Sadly, both pictures can be true. Godless conduct can often hold a fascination and perverse attraction for the godly; the very things they profess hateful and distressing they are also reluctant to leave behind. Sodom seems to have held such a perverse fascination for Lot. This righteous man, despite living in the city for some years, had no effect on its inhabitants; God was not able to find ten righteous persons in the city.

The world in which we live is filled with all manner of evil and godlessness. Jesus calls us to live in such a world – it is the world into which he came as Saviour. He calls us to love this world not with an envious love but with his own transformative love. He calls us not to wring our hands at its godlessness while being held captive by its values. He calls us to be salt and light, to bring the transforming power of the kingdom into a lost world. God longs to find many righteous persons in our cities.
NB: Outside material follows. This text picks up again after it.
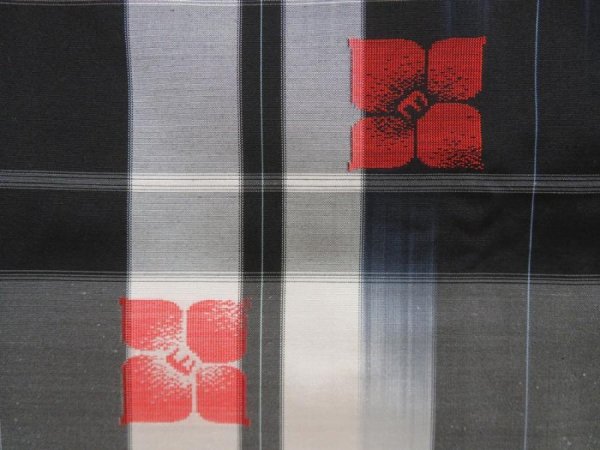 Photo6: 5312T11z800 Vintage Japanese Kimono Silk TSUMUGI Flower Black (6)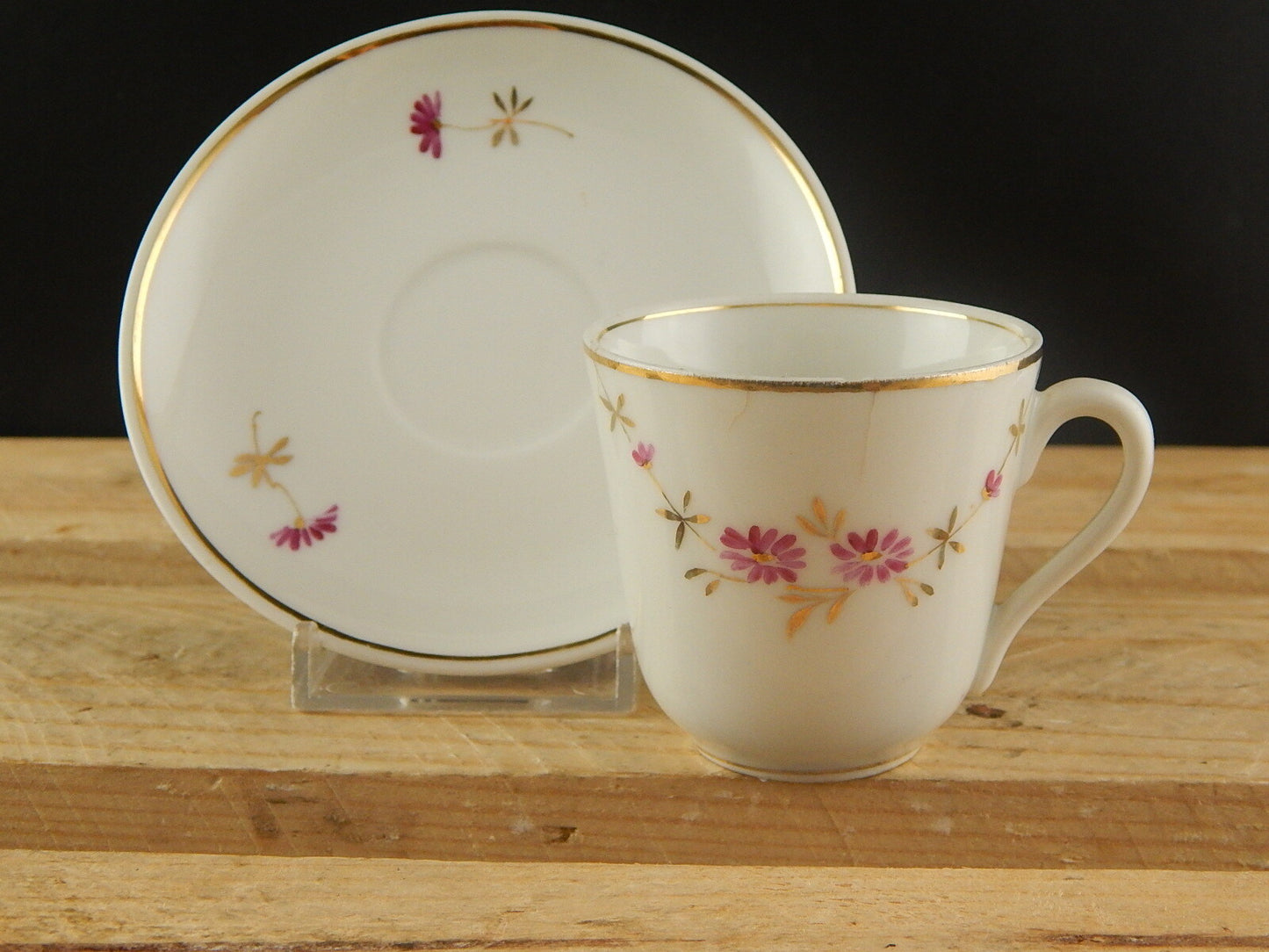 ANTICA TAZZA E PIATTINO PORCELLANA GINORI ART NOUVEAU DIPINTA A MANO #4673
He wants us not only to be righteous but to be agents of righteousness – those through whom godliness becomes fashionable.

In his valuable little book, The Practice of Godliness, Jerry Bridges writes, “Godliness is no optional spiritual luxury for a few quaint Christians of a bygone era or for some group of super-saints of today. It is both the privilege and duty of every Christian to pursue godliness, to train himself to be godly, to study diligently the practice of godliness… Godliness is more than Christian character: It is Christian character that springs from a devotion to God.” Jerry Bridges argues that such devotion to God “is composed of three essential elements: the fear of God; the love of God; the desire for God.”

We are called to live such lives not simply for our own sake – that we might escape “what is going to happen to the ungodly” (2:6). It is not the matter of perfecting personal piety but of bringing the presence of God into a world that has turned its back on him. We are to live godly and attractive lives for the sake of others – that they too might be saved.

Take a moment to think about those whose lives and words have encouraged you to live for God. What were the characteristics of their lives? How did they have an influence on you?

Think now about how your life might have an influence upon others.

Lord Jesus, make me more like you. By the power of your life within me, may my life have a transformative influence on others. May they also come to know you, follow you and rejoice in your salvation.